Transcribe the records in full.

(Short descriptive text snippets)
════════
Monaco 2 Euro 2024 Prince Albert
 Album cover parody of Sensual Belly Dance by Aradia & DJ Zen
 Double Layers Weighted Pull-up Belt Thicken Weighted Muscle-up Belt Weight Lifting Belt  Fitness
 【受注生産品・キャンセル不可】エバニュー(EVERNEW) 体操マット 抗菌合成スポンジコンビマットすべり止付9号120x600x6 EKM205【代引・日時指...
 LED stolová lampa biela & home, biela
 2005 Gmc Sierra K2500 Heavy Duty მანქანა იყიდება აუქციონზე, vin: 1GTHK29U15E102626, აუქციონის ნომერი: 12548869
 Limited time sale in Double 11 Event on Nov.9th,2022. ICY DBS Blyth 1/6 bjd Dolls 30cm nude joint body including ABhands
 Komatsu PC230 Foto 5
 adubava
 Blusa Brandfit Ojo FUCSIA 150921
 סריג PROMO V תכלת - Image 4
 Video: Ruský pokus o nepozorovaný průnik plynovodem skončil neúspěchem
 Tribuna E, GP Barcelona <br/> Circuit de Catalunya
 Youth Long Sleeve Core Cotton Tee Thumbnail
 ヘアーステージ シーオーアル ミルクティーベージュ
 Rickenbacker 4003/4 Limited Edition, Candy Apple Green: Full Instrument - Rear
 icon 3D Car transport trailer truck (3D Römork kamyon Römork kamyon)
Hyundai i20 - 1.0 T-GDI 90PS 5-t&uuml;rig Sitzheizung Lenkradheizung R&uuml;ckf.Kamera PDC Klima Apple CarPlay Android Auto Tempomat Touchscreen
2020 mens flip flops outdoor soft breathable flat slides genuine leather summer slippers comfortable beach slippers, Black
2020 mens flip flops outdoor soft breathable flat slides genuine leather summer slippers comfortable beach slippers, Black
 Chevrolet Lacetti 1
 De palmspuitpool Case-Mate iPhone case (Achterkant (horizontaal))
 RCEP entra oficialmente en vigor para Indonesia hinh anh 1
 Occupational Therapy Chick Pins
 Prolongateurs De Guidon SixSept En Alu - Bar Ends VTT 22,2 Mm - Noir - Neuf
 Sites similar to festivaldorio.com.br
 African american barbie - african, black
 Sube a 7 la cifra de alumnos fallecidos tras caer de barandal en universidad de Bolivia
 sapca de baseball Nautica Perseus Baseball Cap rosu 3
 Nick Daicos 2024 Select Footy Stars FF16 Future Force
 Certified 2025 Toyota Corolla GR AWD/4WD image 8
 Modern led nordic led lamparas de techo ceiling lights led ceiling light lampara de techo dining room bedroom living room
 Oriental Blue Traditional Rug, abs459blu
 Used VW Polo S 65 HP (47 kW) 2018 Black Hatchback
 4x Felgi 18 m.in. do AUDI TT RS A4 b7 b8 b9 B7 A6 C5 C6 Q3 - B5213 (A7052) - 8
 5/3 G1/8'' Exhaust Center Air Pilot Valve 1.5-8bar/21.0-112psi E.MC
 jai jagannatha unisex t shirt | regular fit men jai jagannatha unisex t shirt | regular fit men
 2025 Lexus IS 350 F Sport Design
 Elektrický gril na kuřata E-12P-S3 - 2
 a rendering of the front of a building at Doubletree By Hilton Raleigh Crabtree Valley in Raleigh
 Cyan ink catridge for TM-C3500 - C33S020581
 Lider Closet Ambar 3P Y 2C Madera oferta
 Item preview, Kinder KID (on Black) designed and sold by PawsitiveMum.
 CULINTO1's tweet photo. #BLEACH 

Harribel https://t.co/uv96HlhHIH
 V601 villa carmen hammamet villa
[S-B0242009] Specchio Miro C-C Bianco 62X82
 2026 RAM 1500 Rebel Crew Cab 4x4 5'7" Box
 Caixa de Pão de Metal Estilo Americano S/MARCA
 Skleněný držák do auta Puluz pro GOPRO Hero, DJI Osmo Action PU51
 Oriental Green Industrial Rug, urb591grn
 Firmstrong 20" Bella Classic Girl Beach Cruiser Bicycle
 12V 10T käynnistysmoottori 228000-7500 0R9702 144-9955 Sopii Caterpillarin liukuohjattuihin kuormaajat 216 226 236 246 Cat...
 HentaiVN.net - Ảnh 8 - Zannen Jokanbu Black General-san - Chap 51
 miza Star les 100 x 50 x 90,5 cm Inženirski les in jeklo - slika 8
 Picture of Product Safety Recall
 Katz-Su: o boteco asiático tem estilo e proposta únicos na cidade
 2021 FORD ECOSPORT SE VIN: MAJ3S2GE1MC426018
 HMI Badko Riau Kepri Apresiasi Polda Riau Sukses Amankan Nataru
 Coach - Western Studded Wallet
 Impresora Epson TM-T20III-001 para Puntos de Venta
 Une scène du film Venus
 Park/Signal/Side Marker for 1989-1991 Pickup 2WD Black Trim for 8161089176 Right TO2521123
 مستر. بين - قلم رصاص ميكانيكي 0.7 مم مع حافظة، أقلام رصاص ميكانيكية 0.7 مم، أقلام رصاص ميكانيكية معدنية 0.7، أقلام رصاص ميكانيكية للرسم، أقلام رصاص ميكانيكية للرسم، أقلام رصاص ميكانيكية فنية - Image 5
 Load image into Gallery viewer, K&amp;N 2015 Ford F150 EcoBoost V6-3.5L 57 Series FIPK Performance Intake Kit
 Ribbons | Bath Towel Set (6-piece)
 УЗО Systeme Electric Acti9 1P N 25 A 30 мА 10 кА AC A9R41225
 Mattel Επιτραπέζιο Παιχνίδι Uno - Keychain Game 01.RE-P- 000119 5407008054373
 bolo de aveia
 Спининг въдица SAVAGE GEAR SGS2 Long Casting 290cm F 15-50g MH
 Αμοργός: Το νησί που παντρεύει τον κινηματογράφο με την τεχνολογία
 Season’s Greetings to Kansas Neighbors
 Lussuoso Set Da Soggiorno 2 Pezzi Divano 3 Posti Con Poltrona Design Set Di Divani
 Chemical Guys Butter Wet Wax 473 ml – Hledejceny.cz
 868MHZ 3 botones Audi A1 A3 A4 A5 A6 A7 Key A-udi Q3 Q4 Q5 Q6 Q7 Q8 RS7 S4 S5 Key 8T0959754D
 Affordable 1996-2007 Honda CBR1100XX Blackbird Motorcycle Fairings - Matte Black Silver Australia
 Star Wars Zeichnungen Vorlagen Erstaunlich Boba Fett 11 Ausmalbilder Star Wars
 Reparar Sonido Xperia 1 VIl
════════
ANSWER TO THE PROBLEM —
Monaco 2 Euro 2024 Prince Albert
 Album cover parody of Sensual Belly Dance by Aradia & DJ Zen
 Double Layers Weighted Pull-up Belt Thicken Weighted Muscle-up Belt Weight Lifting Belt  Fitness
 【受注生産品・キャンセル不可】エバニュー(EVERNEW) 体操マット 抗菌合成スポンジコンビマットすべり止付9号120x600x6 EKM205【代引・日時指...
 LED stolová lampa biela & home, biela
 2005 Gmc Sierra K2500 Heavy Duty მანქანა იყიდება აუქციონზე, vin: 1GTHK29U15E102626, აუქციონის ნომერი: 12548869
 Limited time sale in Double 11 Event on Nov.9th,2022. ICY DBS Blyth 1/6 bjd Dolls 30cm nude joint body including ABhands
 Komatsu PC230 Foto 5
 adubava
 Blusa Brandfit Ojo FUCSIA 150921
 סריג PROMO V תכלת - Image 4
 Video: Ruský pokus o nepozorovaný průnik plynovodem skončil neúspěchem
 Tribuna E, GP Barcelona <br/> Circuit de Catalunya
 Youth Long Sleeve Core Cotton Tee Thumbnail
 ヘアーステージ シーオーアル ミルクティーベージュ
 Rickenbacker 4003/4 Limited Edition, Candy Apple Green: Full Instrument - Rear
 icon 3D Car transport trailer truck (3D Römork kamyon Römork kamyon)
Hyundai i20 - 1.0 T-GDI 90PS 5-t&uuml;rig Sitzheizung Lenkradheizung R&uuml;ckf.Kamera PDC Klima Apple CarPlay Android Auto Tempomat Touchscreen
2020 mens flip flops outdoor soft breathable flat slides genuine leather summer slippers comfortable beach slippers, Black
2020 mens flip flops outdoor soft breathable flat slides genuine leather summer slippers comfortable beach slippers, Black
 Chevrolet Lacetti 1
 De palmspuitpool Case-Mate iPhone case (Achterkant (horizontaal))
 RCEP entra oficialmente en vigor para Indonesia hinh anh 1
 Occupational Therapy Chick Pins
 Prolongateurs De Guidon SixSept En Alu - Bar Ends VTT 22,2 Mm - Noir - Neuf
 Sites similar to festivaldorio.com.br
 African american barbie - african, black
 Sube a 7 la cifra de alumnos fallecidos tras caer de barandal en universidad de Bolivia
 sapca de baseball Nautica Perseus Baseball Cap rosu 3
 Nick Daicos 2024 Select Footy Stars FF16 Future Force
 Certified 2025 Toyota Corolla GR AWD/4WD image 8
 Modern led nordic led lamparas de techo ceiling lights led ceiling light lampara de techo dining room bedroom living room
 Oriental Blue Traditional Rug, abs459blu
 Used VW Polo S 65 HP (47 kW) 2018 Black Hatchback
 4x Felgi 18 m.in. do AUDI TT RS A4 b7 b8 b9 B7 A6 C5 C6 Q3 - B5213 (A7052) - 8
 5/3 G1/8'' Exhaust Center Air Pilot Valve 1.5-8bar/21.0-112psi E.MC
 jai jagannatha unisex t shirt | regular fit men jai jagannatha unisex t shirt | regular fit men
 2025 Lexus IS 350 F Sport Design
 Elektrický gril na kuřata E-12P-S3 - 2
 a rendering of the front of a building at Doubletree By Hilton Raleigh Crabtree Valley in Raleigh
 Cyan ink catridge for TM-C3500 - C33S020581
 Lider Closet Ambar 3P Y 2C Madera oferta
 Item preview, Kinder KID (on Black) designed and sold by PawsitiveMum.
 CULINTO1's tweet photo. #BLEACH 

Harribel https://t.co/uv96HlhHIH
 V601 villa carmen hammamet villa
[S-B0242009] Specchio Miro C-C Bianco 62X82
 2026 RAM 1500 Rebel Crew Cab 4x4 5'7" Box
 Caixa de Pão de Metal Estilo Americano S/MARCA
 Skleněný držák do auta Puluz pro GOPRO Hero, DJI Osmo Action PU51
 Oriental Green Industrial Rug, urb591grn
 Firmstrong 20" Bella Classic Girl Beach Cruiser Bicycle
 12V 10T käynnistysmoottori 228000-7500 0R9702 144-9955 Sopii Caterpillarin liukuohjattuihin kuormaajat 216 226 236 246 Cat...
 HentaiVN.net - Ảnh 8 - Zannen Jokanbu Black General-san - Chap 51
 miza Star les 100 x 50 x 90,5 cm Inženirski les in jeklo - slika 8
 Picture of Product Safety Recall
 Katz-Su: o boteco asiático tem estilo e proposta únicos na cidade
 2021 FORD ECOSPORT SE VIN: MAJ3S2GE1MC426018
 HMI Badko Riau Kepri Apresiasi Polda Riau Sukses Amankan Nataru
 Coach - Western Studded Wallet
 Impresora Epson TM-T20III-001 para Puntos de Venta
 Une scène du film Venus
 Park/Signal/Side Marker for 1989-1991 Pickup 2WD Black Trim for 8161089176 Right TO2521123
 مستر. بين - قلم رصاص ميكانيكي 0.7 مم مع حافظة، أقلام رصاص ميكانيكية 0.7 مم، أقلام رصاص ميكانيكية معدنية 0.7، أقلام رصاص ميكانيكية للرسم، أقلام رصاص ميكانيكية للرسم، أقلام رصاص ميكانيكية فنية - Image 5
 Load image into Gallery viewer, K&amp;N 2015 Ford F150 EcoBoost V6-3.5L 57 Series FIPK Performance Intake Kit
 Ribbons | Bath Towel Set (6-piece)
 УЗО Systeme Electric Acti9 1P N 25 A 30 мА 10 кА AC A9R41225
 Mattel Επιτραπέζιο Παιχνίδι Uno - Keychain Game 01.RE-P- 000119 5407008054373
 bolo de aveia
 Спининг въдица SAVAGE GEAR SGS2 Long Casting 290cm F 15-50g MH
 Αμοργός: Το νησί που παντρεύει τον κινηματογράφο με την τεχνολογία
 Season’s Greetings to Kansas Neighbors
 Lussuoso Set Da Soggiorno 2 Pezzi Divano 3 Posti Con Poltrona Design Set Di Divani
 Chemical Guys Butter Wet Wax 473 ml – Hledejceny.cz
 868MHZ 3 botones Audi A1 A3 A4 A5 A6 A7 Key A-udi Q3 Q4 Q5 Q6 Q7 Q8 RS7 S4 S5 Key 8T0959754D
 Affordable 1996-2007 Honda CBR1100XX Blackbird Motorcycle Fairings - Matte Black Silver Australia
 Star Wars Zeichnungen Vorlagen Erstaunlich Boba Fett 11 Ausmalbilder Star Wars
 Reparar Sonido Xperia 1 VIl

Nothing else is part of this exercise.